(Stored items)
◇ ◇ ◇ ◇ ◇

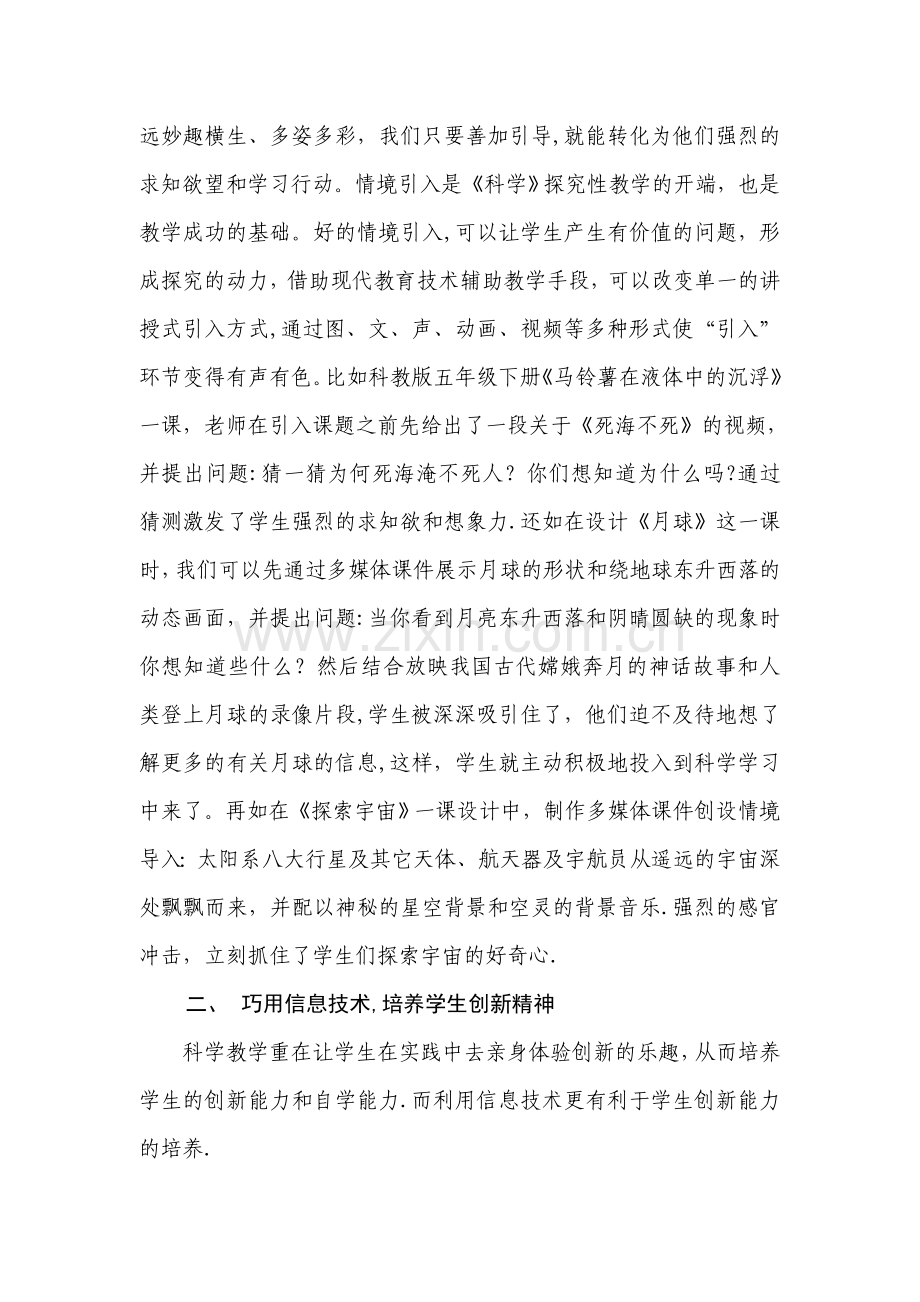 浅谈信息技术与科学教学的有效整合.doc_第2页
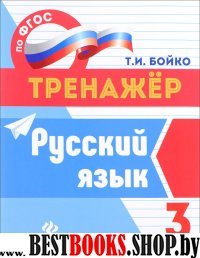 Русский язык 3кл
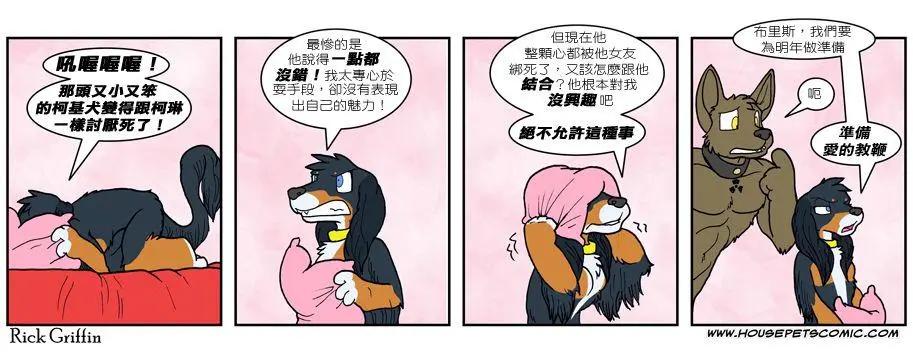 第525话0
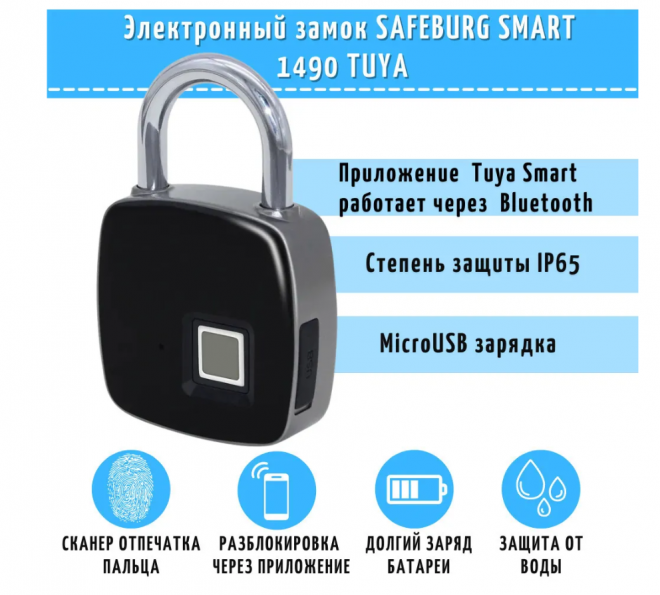 Умный электронный биометрический навесной замок SAFEBURG SMART 1490 TUYA Умный электронный биометрический навесной замок SAFEBURG SMART 1490 TUYA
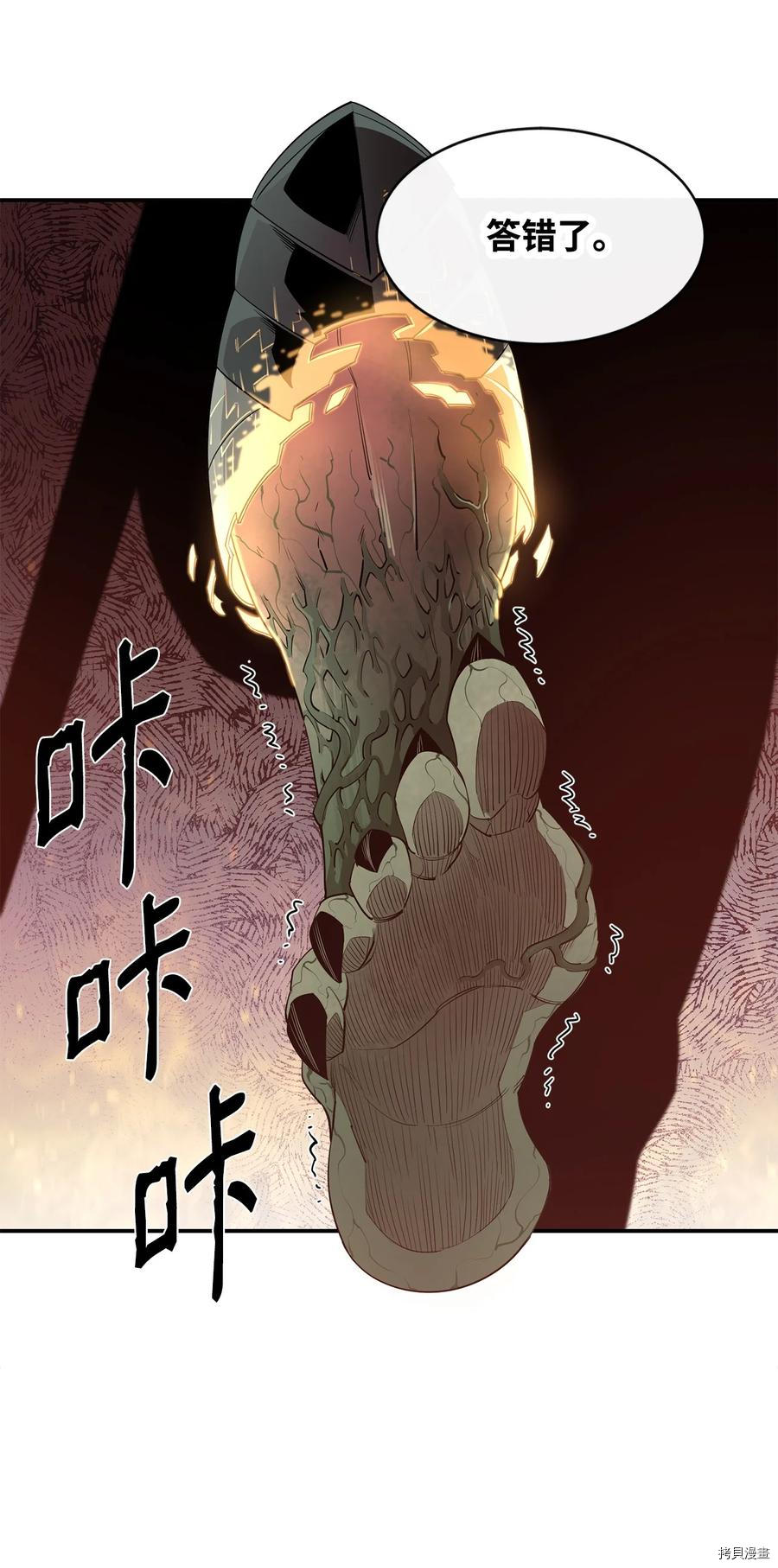 最强饭桶[拷贝漫画]韩漫全集-第25话无删减无遮挡章节图片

◇ ◇ ◇ ◇ ◇

§ Your task:
Beginning with the line that contains "1490 TUYA Умный", repeat every remaining line of the data exactly, the last line included, and omit pictures.

§ Response to the exercise:
 Умный электронный биометрический навесной замок SAFEBURG SMART 1490 TUYA Умный электронный биометрический навесной замок SAFEBURG SMART 1490 TUYA
 最强饭桶[拷贝漫画]韩漫全集-第25话无删减无遮挡章节图片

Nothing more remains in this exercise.